Cohort analysis is a common method for tracking groups of users, customers, or entities over time to understand retention, behavior, or trends.

The cohort() function in fpaR provides a database-friendly implementation of cohort analysis that is compatible with duckdb and snowflake backends. It combines the functionality of multiple traditional cohort tables into a single streamlined workflow.

Function Purpose

cohort():

  • Assigns each member in your dataset to a time-based cohort based on the first occurrence in the .date column.
  • Aggregates distinct counts of cohort members over time.
  • Supports multiple calendar types ("standard" or "554").
  • Can summarize cohorts by various time_units (day, week, month, quarter, year).
  • Returns a segment object, which can be processed using calculate() to generate the cohort table.

Arguments

Argument Description
.data A tibble or DBI object containing your dataset.
.date The date column to base the cohort assignment on.
.value The column representing members to track (e.g., customer ID).
calendar_type Type of calendar to use for aggregation: "standard" or "554".
time_unit Time unit to summarize the cohort table by (day, week, month, quarter, year).
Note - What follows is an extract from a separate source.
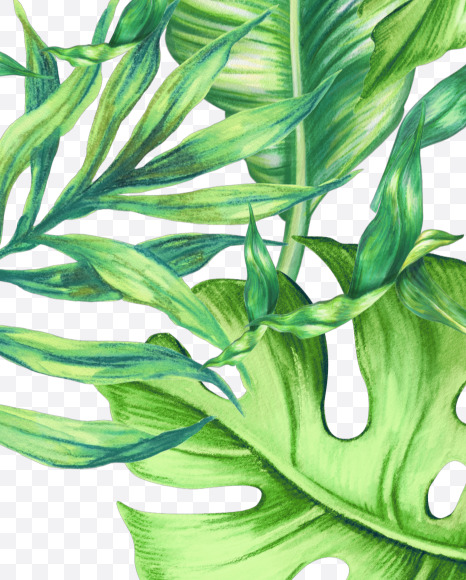 8 from Jungle Font on Yellow Images Creative Fonts - S43033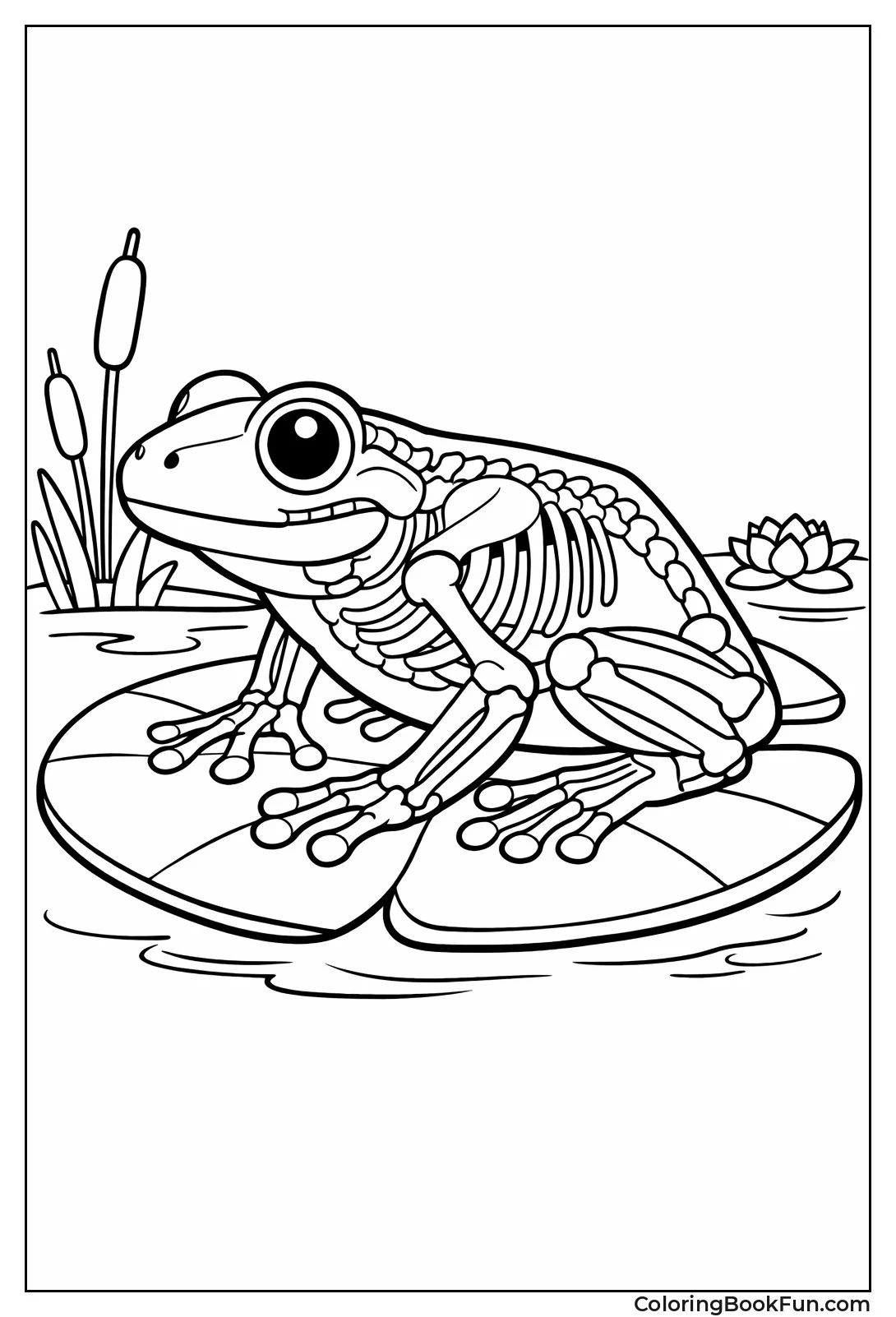 Frog Shows Inside Skeleton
Default is "month".
period_label Whether to use numeric period labels (TRUE) or actual dates (FALSE). Default is FALSE.

How It Works

  1. Assign Cohorts
    Each member in .value is assigned to a cohort date, which is the first date they appear in .date.

  2. Aggregate Over Time
    The function counts distinct members per cohort across time periods defined by time_unit.

  3. Database Efficiency
    The function is optimized for DBI objects, generating SQL-compatible operations using dbplyr.

  4. Internal Execution
    The internal function cohort_fn():

    • Floors dates to the chosen time_unit.
    • Groups members by cohort and date.
    • Computes distinct counts and period IDs.
    • Reshapes the table into a wide format for analysis.

Output

The function returns a segment object. Use calculate() to retrieve the cohort table:

#|eval: false
library(dplyr)

Attaching package: 'dplyr'
The following objects are masked from 'package:stats':

    filter, lag
The following objects are masked from 'package:base':

    intersect, setdiff, setequal, union
# Example cohort analysis
fpaR::cohort(.data = contoso::sales,
                  .date = order_date,
                  .value = customer_key,
                  calendar_type = "standard",
                  time_unit = "month",
                  period_label = FALSE
             )
── Time Based Cohort ───────────────────────────────────────────────────────────
Function: `cohort` was executed
── Description: ──
This segments groups based on a shared time related dimension so you can track
a cohort's trend over time
── Category Information ──

• The data set is grouped by the customer_key and segments each group member by their first order_date entry to define their cohort customer_key
• This creates cohort ID that each member is assigned to eg; January 2020, February 2020, etc
• The distinct count of each customer_key member in the cohort is then tracked over time
── Calendar: ──
• The calendar aggregated order_date to the month time unit
• A standard calendar is created with 0 groups
• Calendar ranges from 2021-05-18 to 2024-04-20
• 222 days were missing and replaced with 0
• New date column cohort_date was created from order_date
── Actions: ──
✖Aggregate
✖Shift
✖Compare
✖Proportion Of Total
✔Count Distinct
── Next Steps: ──
• Use `calculate()` to return the results
────────────────────────────────────────────────────────────────────────────────